The reply should contain all the data below, repeated exactly, and none of the images.

**STORED DATA:**
++++++++++

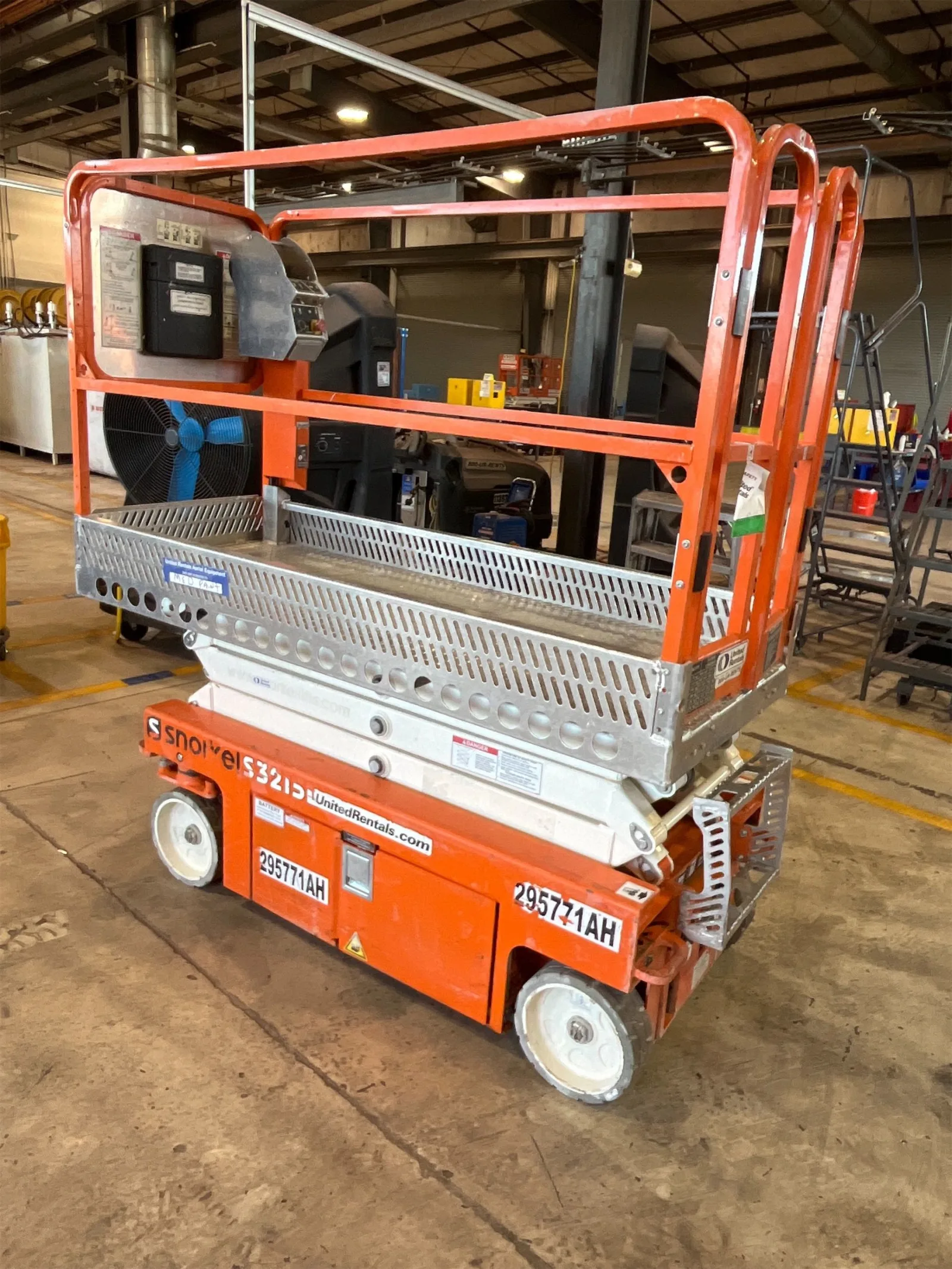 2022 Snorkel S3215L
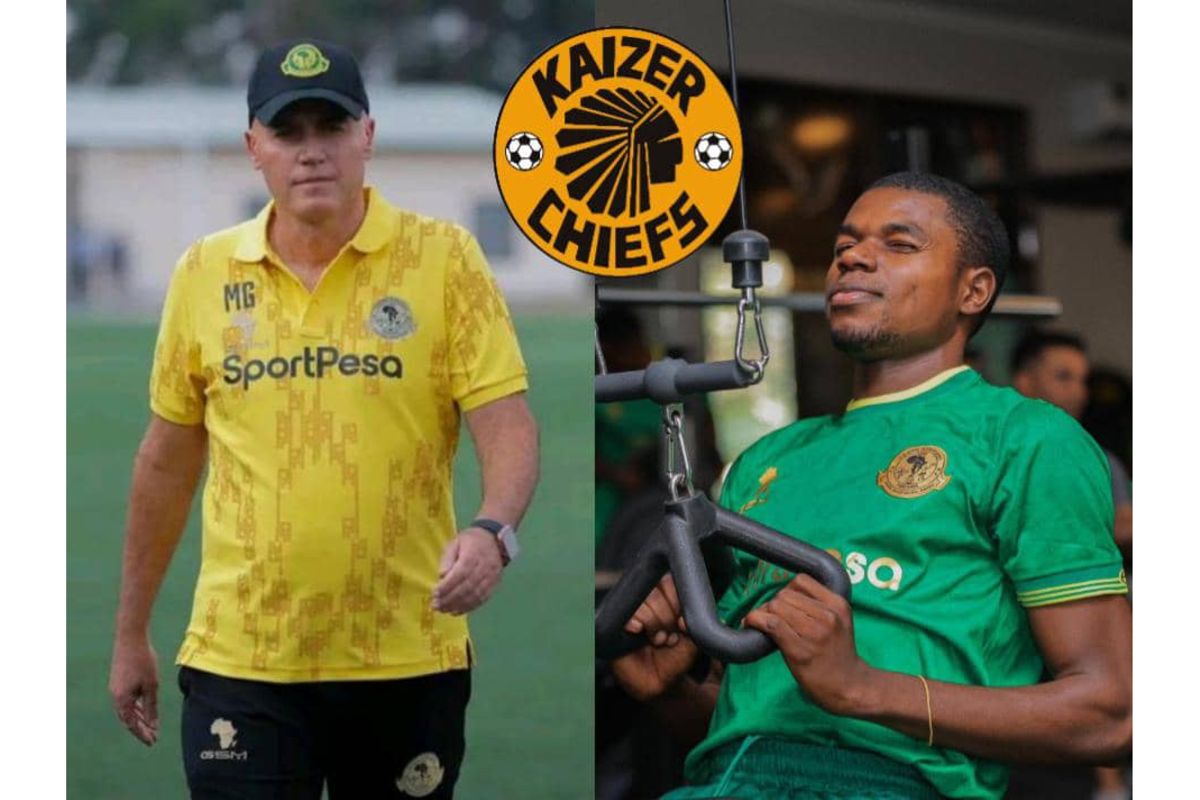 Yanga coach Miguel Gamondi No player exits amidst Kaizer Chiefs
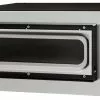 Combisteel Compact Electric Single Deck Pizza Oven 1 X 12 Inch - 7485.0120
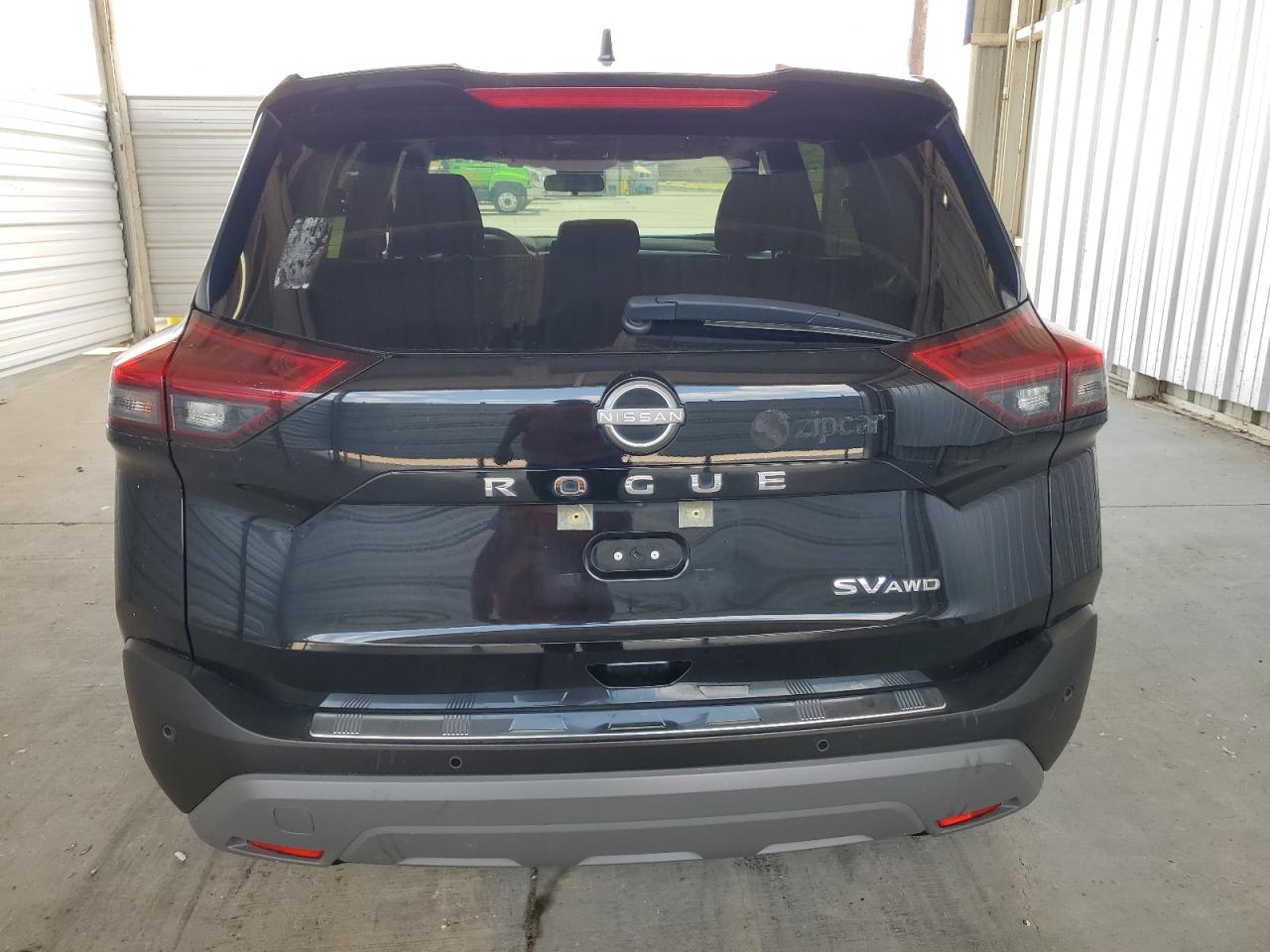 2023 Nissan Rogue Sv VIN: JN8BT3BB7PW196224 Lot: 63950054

++++++++++

**TASK RESULT:**
 2022 Snorkel S3215L
 Yanga coach Miguel Gamondi No player exits amidst Kaizer Chiefs
 Combisteel Compact Electric Single Deck Pizza Oven 1 X 12 Inch - 7485.0120
 2023 Nissan Rogue Sv VIN: JN8BT3BB7PW196224 Lot: 63950054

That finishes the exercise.